Thomas Frank's new article up at Salon...
Once upon a time it was the dedicated champion of the interests of average people, but today Democrats are hemorrhaging the votes of the white working class. This catastrophic development is the pundit subject du jour, replacing the happy tales of demographic inevitability of two years ago. Since the beginning of September, according to Lexis-Nexis, there have been no fewer than 46 newspaper stories predicting, describing and analyzing the evaporation of Democratic appeal among this enormous slice of the electorate.
This is not merely disastrous, it is pathetic. What kind of lamestain left can’t win the working class . . . in year seven of a crushing demonstration of the folly of free markets? What kind of political leadership can’t figure out a way to overcome the backlash sensibility after four decades?
http://www.salon.com/...
Good question. I think we have an answer in another Salon essay...

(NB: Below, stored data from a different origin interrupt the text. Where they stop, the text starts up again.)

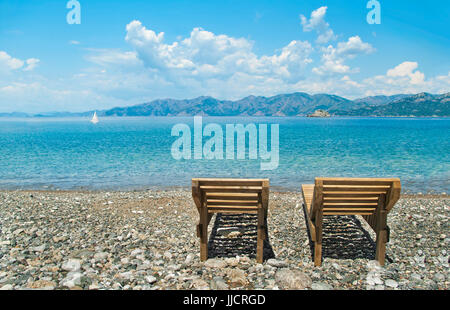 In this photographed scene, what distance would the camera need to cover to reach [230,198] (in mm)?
6387

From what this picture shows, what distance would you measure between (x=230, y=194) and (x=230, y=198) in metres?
0.12

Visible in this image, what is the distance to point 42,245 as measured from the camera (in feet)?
23.6

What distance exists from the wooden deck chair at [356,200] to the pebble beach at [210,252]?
0.58 meters

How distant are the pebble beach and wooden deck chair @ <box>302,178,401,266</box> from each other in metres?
0.58

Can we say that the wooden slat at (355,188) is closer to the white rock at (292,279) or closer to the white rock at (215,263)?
the white rock at (292,279)

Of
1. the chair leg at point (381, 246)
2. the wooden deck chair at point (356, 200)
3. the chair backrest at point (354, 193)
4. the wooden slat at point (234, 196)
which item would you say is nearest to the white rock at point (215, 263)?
the wooden slat at point (234, 196)

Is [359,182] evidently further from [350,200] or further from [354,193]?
[350,200]

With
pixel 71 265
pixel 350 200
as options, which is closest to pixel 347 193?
pixel 350 200

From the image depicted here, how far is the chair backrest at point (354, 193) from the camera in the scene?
596cm

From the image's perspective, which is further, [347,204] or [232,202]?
[232,202]

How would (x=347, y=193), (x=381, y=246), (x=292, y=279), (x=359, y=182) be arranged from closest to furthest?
(x=292, y=279) → (x=359, y=182) → (x=347, y=193) → (x=381, y=246) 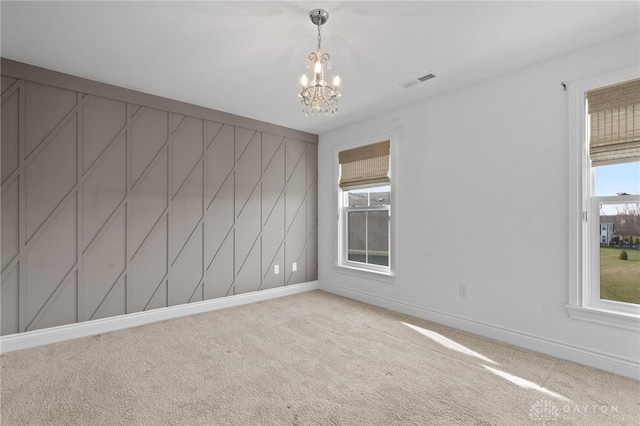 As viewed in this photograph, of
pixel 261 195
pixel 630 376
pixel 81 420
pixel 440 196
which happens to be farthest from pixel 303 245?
pixel 630 376

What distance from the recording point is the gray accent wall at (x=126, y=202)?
274 centimetres

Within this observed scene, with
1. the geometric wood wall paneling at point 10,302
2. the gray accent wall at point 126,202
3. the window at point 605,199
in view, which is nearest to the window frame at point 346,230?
the gray accent wall at point 126,202

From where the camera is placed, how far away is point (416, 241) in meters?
3.58

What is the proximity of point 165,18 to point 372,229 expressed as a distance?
322 cm

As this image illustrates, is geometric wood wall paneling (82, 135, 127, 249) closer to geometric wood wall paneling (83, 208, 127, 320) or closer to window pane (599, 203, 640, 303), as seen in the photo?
geometric wood wall paneling (83, 208, 127, 320)

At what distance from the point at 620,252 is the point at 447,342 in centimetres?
153

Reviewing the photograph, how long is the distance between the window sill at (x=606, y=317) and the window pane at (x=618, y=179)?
91 centimetres

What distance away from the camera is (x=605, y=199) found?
2408mm

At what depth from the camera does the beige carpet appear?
183 centimetres

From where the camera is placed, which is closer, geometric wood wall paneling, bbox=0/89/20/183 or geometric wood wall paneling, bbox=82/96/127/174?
geometric wood wall paneling, bbox=0/89/20/183

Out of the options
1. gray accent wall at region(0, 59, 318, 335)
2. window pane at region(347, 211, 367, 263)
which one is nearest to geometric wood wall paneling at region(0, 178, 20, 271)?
gray accent wall at region(0, 59, 318, 335)

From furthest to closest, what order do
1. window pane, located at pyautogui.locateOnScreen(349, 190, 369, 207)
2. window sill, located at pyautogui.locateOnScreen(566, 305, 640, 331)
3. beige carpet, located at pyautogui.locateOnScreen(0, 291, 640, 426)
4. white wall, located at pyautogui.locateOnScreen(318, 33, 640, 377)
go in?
1. window pane, located at pyautogui.locateOnScreen(349, 190, 369, 207)
2. white wall, located at pyautogui.locateOnScreen(318, 33, 640, 377)
3. window sill, located at pyautogui.locateOnScreen(566, 305, 640, 331)
4. beige carpet, located at pyautogui.locateOnScreen(0, 291, 640, 426)

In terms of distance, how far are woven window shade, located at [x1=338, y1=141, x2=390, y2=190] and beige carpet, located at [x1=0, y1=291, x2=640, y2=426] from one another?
6.31ft

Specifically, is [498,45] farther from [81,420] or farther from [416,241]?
[81,420] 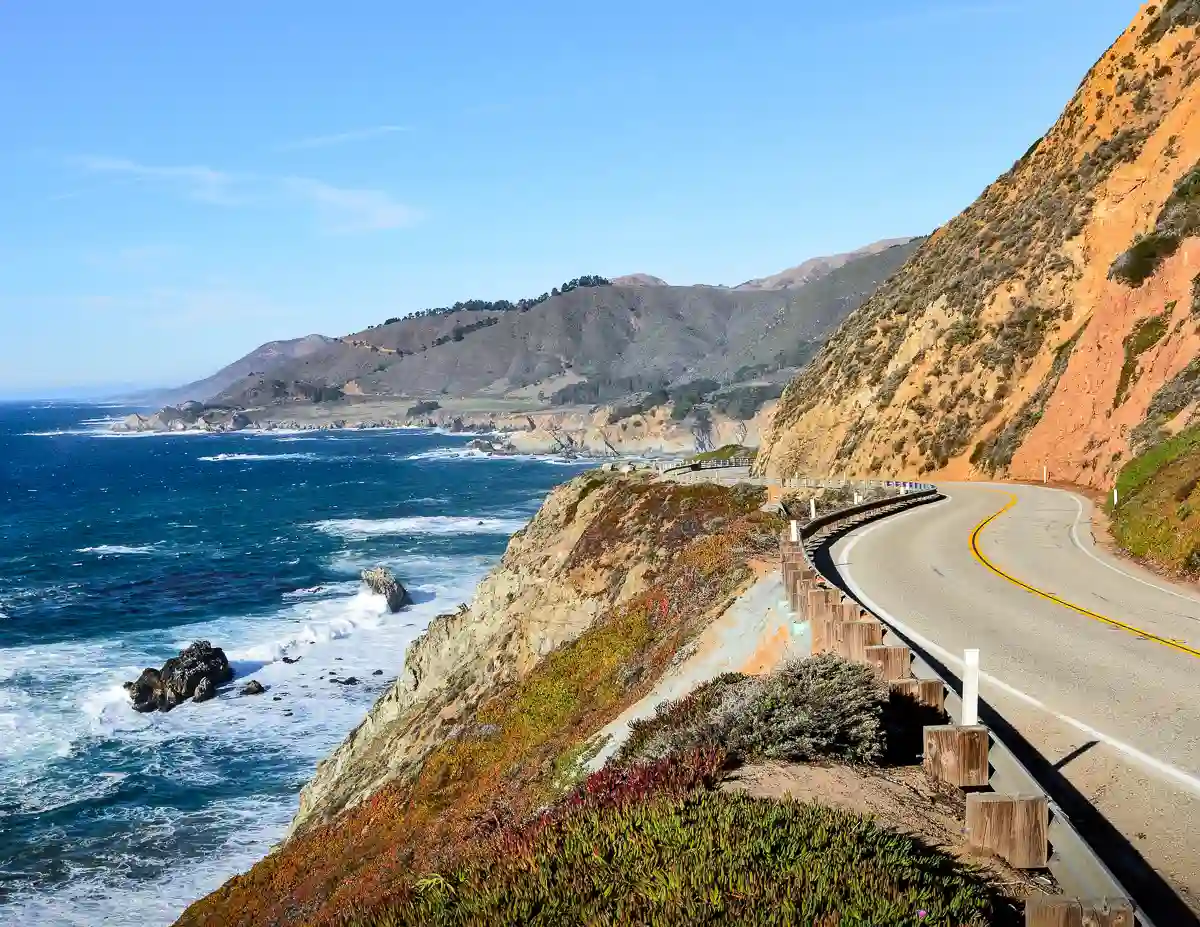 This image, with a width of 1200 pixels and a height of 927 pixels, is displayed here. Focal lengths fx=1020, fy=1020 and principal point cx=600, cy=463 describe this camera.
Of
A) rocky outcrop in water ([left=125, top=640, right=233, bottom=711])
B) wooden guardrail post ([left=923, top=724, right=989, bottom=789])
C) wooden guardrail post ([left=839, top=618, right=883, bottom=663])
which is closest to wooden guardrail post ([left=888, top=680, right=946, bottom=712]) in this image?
wooden guardrail post ([left=839, top=618, right=883, bottom=663])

But President Obama is also to blame for a wide range of policy positions and actions that have directly or indirectly worked to demobilize the Democratic base. Perhaps most important, he has failed to revive the economy for those who need it most and are most important for Democrats politically. The economy has done just fine for the Mitt Romneys of the world. But not for anyone else....
If Obama were fighting mad, and fighting on the side of those being left behind, things would be a whole lot different than they are today, and people still might believe in his promise of hope and change. But he’s not doing any of that, which is a huge part of why the Democrats did so poorly. They had no clear sense of who was on their side—when it should have been obvious who was against them....
But instead of opening up space and striking out beyond the confines of misguided elite rule, Obama’s presidency was premised on trying to heal the schisms within elite rule—a task that was not only misguided in its purpose, but also doomed to fail on its own terms, as shown most starkly by figures such as Sheldon Adelson and the Koch brothers.
http://www.salon.com/...
Back to Mr. Frank. He mentions NAFTA. Remember that one?
There has never been a more obviously class-based piece of legislation. It was supported with uncanny unanimity by members of the commentariat and the professional class, and, indeed, it has worked well for such people. For members of the working class, however, it has been precisely the disaster their organizations predicted.
Now, who could he be talking about in the Democratic Party? It's a puzzle...not really. Who backed NAFTA, who destroyed the welfare system? And now, part two coming at us as "inevitable," giving speeches at Goldman Sachs.
These are only tiny snippets from great articles by Frank and Rosenberg, but they left out something, a happy ending. Unless we can dethrone the Clintons, we're doomed as a party.